* Work instruction:
Your response should be an exact transcription of the data, images excluded.

* Material provided:
+ + + + + + +

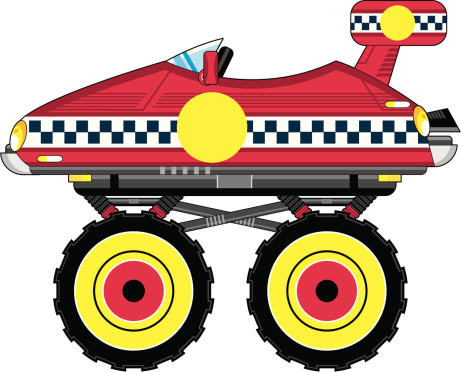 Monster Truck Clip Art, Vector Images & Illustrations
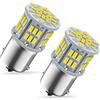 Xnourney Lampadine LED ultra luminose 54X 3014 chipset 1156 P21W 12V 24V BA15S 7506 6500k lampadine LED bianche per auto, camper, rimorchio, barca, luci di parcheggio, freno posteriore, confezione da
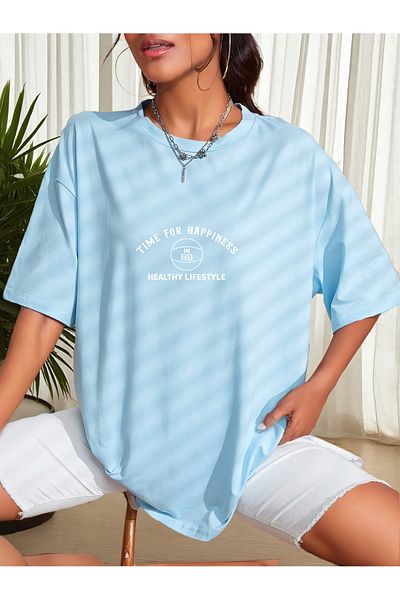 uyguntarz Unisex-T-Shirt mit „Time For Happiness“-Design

+ + + + + + +

* Task response:
 Monster Truck Clip Art, Vector Images & Illustrations
 Xnourney Lampadine LED ultra luminose 54X 3014 chipset 1156 P21W 12V 24V BA15S 7506 6500k lampadine LED bianche per auto, camper, rimorchio, barca, luci di parcheggio, freno posteriore, confezione da
 uyguntarz Unisex-T-Shirt mit „Time For Happiness“-Design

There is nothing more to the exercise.